Elixir allows you to define your own data-structures as structs, on top of Erlang maps. However, such user-defined types have always felt a little ‘off’ from the built-in types, because they do not get the same level of support. Most notably, it is (used to be) virtually impossible to define a guard clause that properly works with your struct, because of two problems:

  1. Destructuring maps inside a guard clause was not possible. OTP 21 changes this, with the introduction of the guard-safe :erlang.map_get/2 and :erlang.is_map_key/2 functions.
  2. It is not possible to perform conditionals inside a guard clause; the thing that comes the closest is :erlang.andalso/2/:erlang.oreither/2 (in Elixir exposed as and and or respectively), which however require that the left-hand-side always evaluates to a boolean.

However, today I realized that there is a solution for (2): We could create a compile-time macro that creates multiple function-heads with the different versions of the macro below one-another!

An example

I have in the past created the library Ratio that allows rational numbers. It would be great if you could just use the built-in arithmetic and comparison operators on these structures. However, until now it was impossible to do so: We want to be able to

  • compare %Ratio{} to %Ratio{}
  • %Ratio{} to integer,
  • integer to %Ratio{},
  • and still allow integer <-> integer comparisons.

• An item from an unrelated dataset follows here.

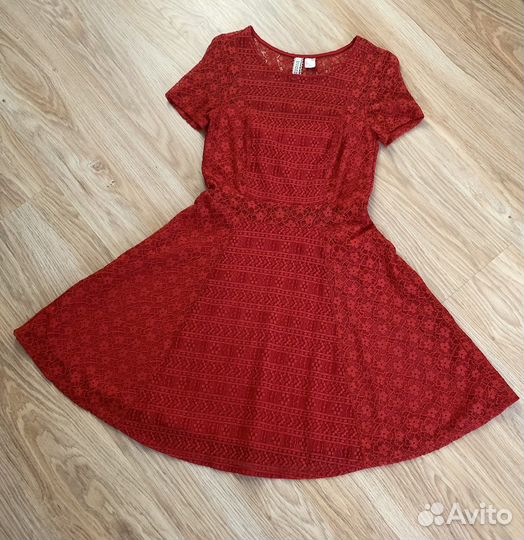 Платье красное 42-44р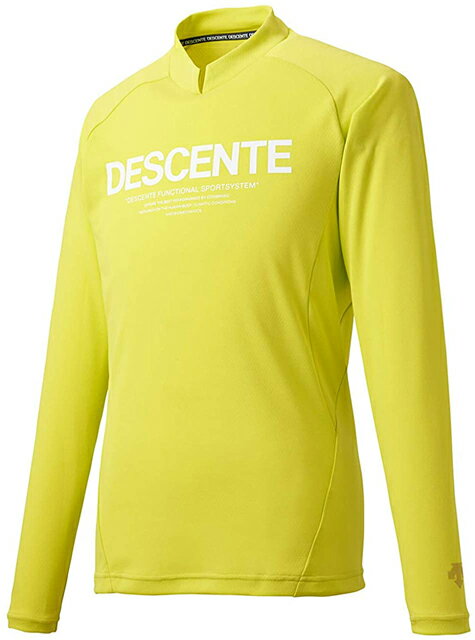 【送料無料】【2500円均一】【廃番】DESCENTE(デサント)バレーボールウェア 長袖シャツメンズナガソデプラクティスシャツイエロー×ホワイトDVUOJB52-YL【21★】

If def and defp were to be altered to, whenever a comparison operation would be used in a guard, expand the function into multiple clauses, each with the next guard, then these kinds of operations would now be possible!

Important advantages

  • It will finally be possible to treat our custom types as built-in ones, by having proper guard-safe functions work on them.
  • Related to this, it will be possible to override or extend the built-in operators so they will work properly for custom datastructures as well, which will (a) remove one hurdle for newcomers when coming to the language and (b) improve the readability of our code.

Disadvantages

Two disadvantages come to mind:

  1. The difference between the code you write and what it compiles to increases slightly. This might have an impact on the debug-ability of some code. However, because you see, for instance, the expanded guards right next to an ArgumentError-stacktrace and because people should not nest multiple layers of abstraction in the same guard clause anyway, I think this might not be that much of a disadvantage.
  2. Increased code size. Either the function body is copied multiple times, ones per guard clause, or an extra level of call-indirection is done. Either might be optimized away by the BEAM however (I have not yet done any checks to see this). Another possibility would be to compile such a multi-guard down to an Erlang ,-separated (comma-separated) guard clause set, which is the built-in way Erlang allows multiple clauses to dispatch to the same function body.

All right, that was all I had to say for now.